Raghav - 1 year ago 68
Java Question

# Test Cases fail to satisfy

I'm just a beginner. I came across this question for which my code fails to satisfy all/most of the test cases.

Question:

Given an array of numbers, find the number of non-empty sub-arrays in which the minimum and maximum element are identical.

Example:

Input: Array = [1, 1, 3]

Output: 4

Explanation:

The required sub-arrays are [1], [1], [3], [1,1]

My solution:

Sort the array and solve the problem.

Code:

``````for(int i = 0; i < testCases; i++){
int arraySize = in.nextInt();
int array[] = new int[arraySize];
for(int j = 0; j < arraySize; j++){
array[j] = in.nextInt();
}
temp[i] = (findSubArrays(array));
}
for(int i = 0; i < testCases; i++){
System.out.println(temp[i]);
}

private static int findSubArrays(int[] array) {
Arrays.sort(array);

//Since each element can form a sub-array of its own
int noOfSubArrays = array.length;

for(int i = 0; i < array.length-1; i++){
if(array[i] == array[i+1]){
noOfSubArrays++;
}
}
return noOfSubArrays;
}
``````

So you're sorting the array to keep begin points and end points adjacent so you don't need a nested traversal.
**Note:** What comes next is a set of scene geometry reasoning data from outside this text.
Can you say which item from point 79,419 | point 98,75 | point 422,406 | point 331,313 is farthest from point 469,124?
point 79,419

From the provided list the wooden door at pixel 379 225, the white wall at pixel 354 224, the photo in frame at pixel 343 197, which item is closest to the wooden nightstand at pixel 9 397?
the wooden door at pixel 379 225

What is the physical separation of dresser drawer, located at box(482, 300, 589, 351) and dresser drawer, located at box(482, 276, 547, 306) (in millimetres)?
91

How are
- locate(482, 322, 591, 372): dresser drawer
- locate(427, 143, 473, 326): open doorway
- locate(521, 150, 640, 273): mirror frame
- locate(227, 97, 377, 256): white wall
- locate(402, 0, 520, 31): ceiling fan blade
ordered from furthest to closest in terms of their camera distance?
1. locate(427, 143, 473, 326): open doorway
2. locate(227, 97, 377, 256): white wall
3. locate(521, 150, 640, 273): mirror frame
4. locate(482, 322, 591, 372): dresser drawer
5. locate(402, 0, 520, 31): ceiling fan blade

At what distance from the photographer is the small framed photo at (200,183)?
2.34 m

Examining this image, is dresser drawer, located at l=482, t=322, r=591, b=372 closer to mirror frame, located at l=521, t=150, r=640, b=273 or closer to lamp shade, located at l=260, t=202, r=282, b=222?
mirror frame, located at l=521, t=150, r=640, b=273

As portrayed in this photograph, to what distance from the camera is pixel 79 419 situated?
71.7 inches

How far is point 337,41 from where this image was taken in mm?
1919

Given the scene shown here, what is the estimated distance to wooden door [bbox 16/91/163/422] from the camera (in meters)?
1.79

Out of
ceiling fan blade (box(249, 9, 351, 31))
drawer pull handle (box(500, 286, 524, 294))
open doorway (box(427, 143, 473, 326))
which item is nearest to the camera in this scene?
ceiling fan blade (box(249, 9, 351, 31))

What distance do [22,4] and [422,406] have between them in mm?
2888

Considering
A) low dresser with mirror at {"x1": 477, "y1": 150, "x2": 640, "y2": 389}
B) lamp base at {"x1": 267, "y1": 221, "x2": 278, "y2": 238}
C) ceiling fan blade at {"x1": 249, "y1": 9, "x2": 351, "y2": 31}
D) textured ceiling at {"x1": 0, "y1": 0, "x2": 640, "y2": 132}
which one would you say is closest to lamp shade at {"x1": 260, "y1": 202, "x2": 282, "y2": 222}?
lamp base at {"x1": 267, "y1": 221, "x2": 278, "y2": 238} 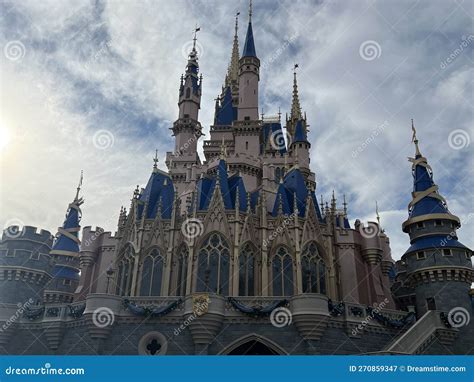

That makes sense. The problem is that you're counting adjacent duplicates, but what you really need is `T(n)`, or the triangle number of consecutive duplicates. Consider a simple scenario:

``````[1, 1, 1]
``````

Your algorithm returns `5`, but there are actually 6 subsets (by start & end index):

``````0, 0
0, 1
0, 2
1, 1
1, 2
2, 2
``````

So let's update the algorithm to calculate the triangle number of each sequence:

``````private static int findSubArrays(int... array) {
Arrays.sort(array);

int sequenceCount = 0;
int total = 0;
for (int i = 0; i < array.length + 1; i++) {
if (i == array.length || (i > 0 && array[i] != array[i - 1])) {
total += triangle(sequenceCount);
sequenceCount = 0;
}
sequenceCount++;
}
Now calling `findSubArrays(1, 1, 1)` returns `6` and `findSubArrays(1, 1, 3)` returns `4`.